When Lu walked into our bedroom in the morning, rubbing the sleep out of her eyes, she came to my side of the bed. After a quick kiss, she picked up the copy of Dearie: The Remarkable Life of Julia Child sitting on my bedside table. “Can I see pictures of Julia?” she asked.
But of course. She sat between me and Danny as we flipped through the book, seeing photos of her as a child, as a tall and gangly teenager, and in Paris. “Is that Paul?” she asked, pointing. Yes, it is, sweet pea. After talking for a bit, I asked her, “Would you like to see Julia cooking on tv?”
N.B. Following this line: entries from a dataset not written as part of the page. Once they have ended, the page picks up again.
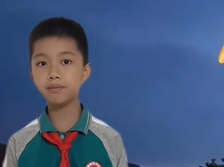 084新丰县第二小学许润程：一把军号的力量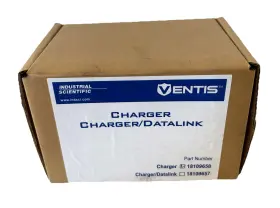 18109658 Industrial Scientific Ventis Charger 12v New Sealed 18109658 Industrial Scientific Ventis Charger 12v New Sealed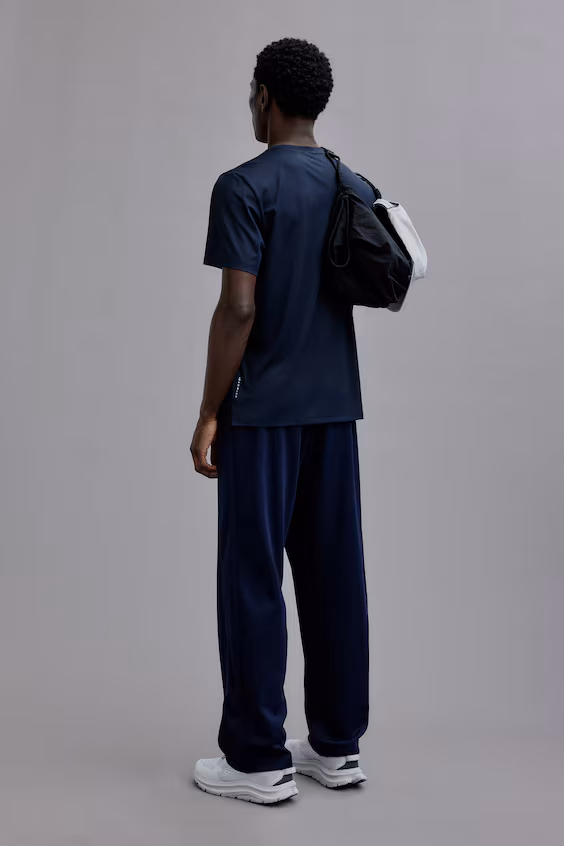 Футболка для спорта из сетчатого материала с технологией drymove™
So we went downstairs and put on one of my discs of The French Chef, the one with the salad nicoise episode. We watched the old film images of the farmers’ market in Nice and then Julia bashing garlic and lemon juice together in a glass Pyrex bowl. Lucy watched, for a bit, and then asked for Chitty Chitty Bang Bang instead. (We’ve been on a major obsession with that wonderful weird movie over here.) As we settled in for a few scenes, I held that girl close and sighed with happiness.
Lucy knows about Julia Child from this delightful book, Minette’s Feast: The Delicious Story of Julia Child and Her Cat. We’ve been reading it for months, after the author sent us a copy. I particularly love reading this section, from the point of view of the cat: “And day and night she could smell the delicious smells of mayonnaise, hollandaise, cassoulets, cheese souffles, and duck påtés wafting from the pots and pans of her owner, Julia Child.” Lu asks to read this book, again and again. I believe in some part it’s because it seems familiar. We have a lot of smells wafting from pots and pans in this house.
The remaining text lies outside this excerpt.